Studying Gamut Clipping

Introduction

Recently, I was studying a technique called gamut clipping from this blog post. This technique is used for handling out of gamut color and bring them back to a valid range, which helps reducing hue shift and color clipping. From that blog post, it explains the concept clearly, but I was struggling to understand the sample code the author provided. So this blog post will describe what I have learnt when studying the gamut clipping source code. Also, I have written a Shadertoy sample to help me to understand the problem.

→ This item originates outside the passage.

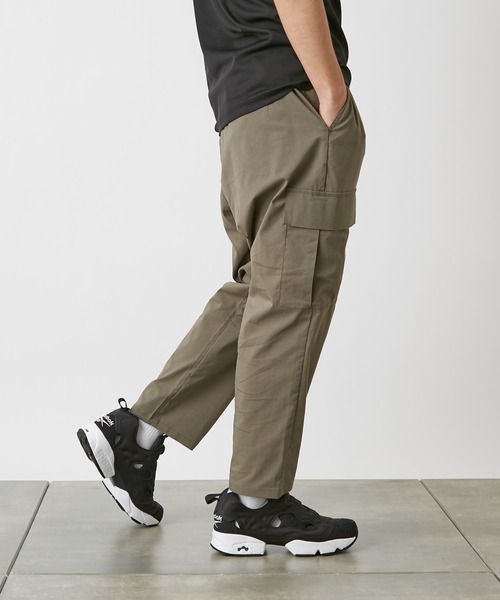 COLONY 2139(コロニートゥーワンスリーナイン)の「カーゴテーパードパンツ/ミリタリテーパードパンツ(カーゴパンツ・メンズ・チャコールグレー/オリーブ・MEDIUM/LARGE)」の6枚目の写真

Drawing the valid sRGB color with Oklab chroma as horizontal axis
Oklab lightness as vertical axis with hue value displayed at upper right corner




Overview of the gamut clipping

This section briefly describe the steps to perform gamut clipping, feel free to skip it if you have read the original gamut clipping blog post already. The technique first start to convert the out of gamut color (e.g. those pixels with values >1.0 or <0.0 in sRGB) into the Oklab color space (which can be expressed with lightness, hue and chroma). Then we try to project this out of gamut color along a straight line to the"triangular" gamut boundary (like below picture). To calculate this intersection, we need to find the cusp coordinates at this particular hue slice. The author use curve fitting to approximate cusp coordinates with polynomial equation. With the cusp coordinates calculated, the intersection point can be found with numerical approximation using Halley's method. Finally that intersection point can be converted back to sRGB color space.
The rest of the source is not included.